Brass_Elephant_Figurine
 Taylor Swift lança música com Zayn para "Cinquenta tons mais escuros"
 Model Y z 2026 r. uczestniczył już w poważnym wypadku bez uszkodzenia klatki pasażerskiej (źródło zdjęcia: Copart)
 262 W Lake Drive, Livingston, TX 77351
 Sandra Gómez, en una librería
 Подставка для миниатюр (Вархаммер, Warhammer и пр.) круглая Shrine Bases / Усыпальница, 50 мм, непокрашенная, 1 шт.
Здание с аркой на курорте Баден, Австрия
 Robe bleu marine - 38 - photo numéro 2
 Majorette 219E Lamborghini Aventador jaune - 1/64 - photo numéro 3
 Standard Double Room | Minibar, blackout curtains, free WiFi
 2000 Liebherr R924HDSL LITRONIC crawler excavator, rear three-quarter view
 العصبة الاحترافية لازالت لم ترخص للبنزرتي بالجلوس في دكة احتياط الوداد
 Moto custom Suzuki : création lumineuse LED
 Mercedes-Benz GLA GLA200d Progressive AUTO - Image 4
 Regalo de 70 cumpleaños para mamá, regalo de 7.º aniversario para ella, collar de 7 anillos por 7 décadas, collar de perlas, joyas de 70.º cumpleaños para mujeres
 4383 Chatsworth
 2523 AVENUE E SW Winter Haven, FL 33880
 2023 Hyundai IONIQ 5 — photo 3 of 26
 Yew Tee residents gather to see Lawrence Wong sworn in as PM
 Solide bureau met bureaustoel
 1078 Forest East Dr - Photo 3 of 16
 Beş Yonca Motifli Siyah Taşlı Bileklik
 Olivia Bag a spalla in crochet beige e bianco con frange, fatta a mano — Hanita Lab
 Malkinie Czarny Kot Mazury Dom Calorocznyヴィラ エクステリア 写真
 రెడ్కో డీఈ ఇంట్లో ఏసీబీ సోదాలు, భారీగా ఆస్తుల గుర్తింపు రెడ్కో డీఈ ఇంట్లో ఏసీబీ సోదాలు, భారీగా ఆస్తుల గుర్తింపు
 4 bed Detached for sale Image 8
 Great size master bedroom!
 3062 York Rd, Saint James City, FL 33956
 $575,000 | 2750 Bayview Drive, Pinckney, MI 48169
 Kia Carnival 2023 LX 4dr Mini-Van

━━━━━━━━

Each line from the first line of the listing through the line with "Malkinie Czarny Kot" must be output exactly, both ends included, and no other line may appear.

**Response**
Brass_Elephant_Figurine
 Taylor Swift lança música com Zayn para "Cinquenta tons mais escuros"
 Model Y z 2026 r. uczestniczył już w poważnym wypadku bez uszkodzenia klatki pasażerskiej (źródło zdjęcia: Copart)
 262 W Lake Drive, Livingston, TX 77351
 Sandra Gómez, en una librería
 Подставка для миниатюр (Вархаммер, Warhammer и пр.) круглая Shrine Bases / Усыпальница, 50 мм, непокрашенная, 1 шт.
Здание с аркой на курорте Баден, Австрия
 Robe bleu marine - 38 - photo numéro 2
 Majorette 219E Lamborghini Aventador jaune - 1/64 - photo numéro 3
 Standard Double Room | Minibar, blackout curtains, free WiFi
 2000 Liebherr R924HDSL LITRONIC crawler excavator, rear three-quarter view
 العصبة الاحترافية لازالت لم ترخص للبنزرتي بالجلوس في دكة احتياط الوداد
 Moto custom Suzuki : création lumineuse LED
 Mercedes-Benz GLA GLA200d Progressive AUTO - Image 4
 Regalo de 70 cumpleaños para mamá, regalo de 7.º aniversario para ella, collar de 7 anillos por 7 décadas, collar de perlas, joyas de 70.º cumpleaños para mujeres
 4383 Chatsworth
 2523 AVENUE E SW Winter Haven, FL 33880
 2023 Hyundai IONIQ 5 — photo 3 of 26
 Yew Tee residents gather to see Lawrence Wong sworn in as PM
 Solide bureau met bureaustoel
 1078 Forest East Dr - Photo 3 of 16
 Beş Yonca Motifli Siyah Taşlı Bileklik
 Olivia Bag a spalla in crochet beige e bianco con frange, fatta a mano — Hanita Lab
 Malkinie Czarny Kot Mazury Dom Calorocznyヴィラ エクステリア 写真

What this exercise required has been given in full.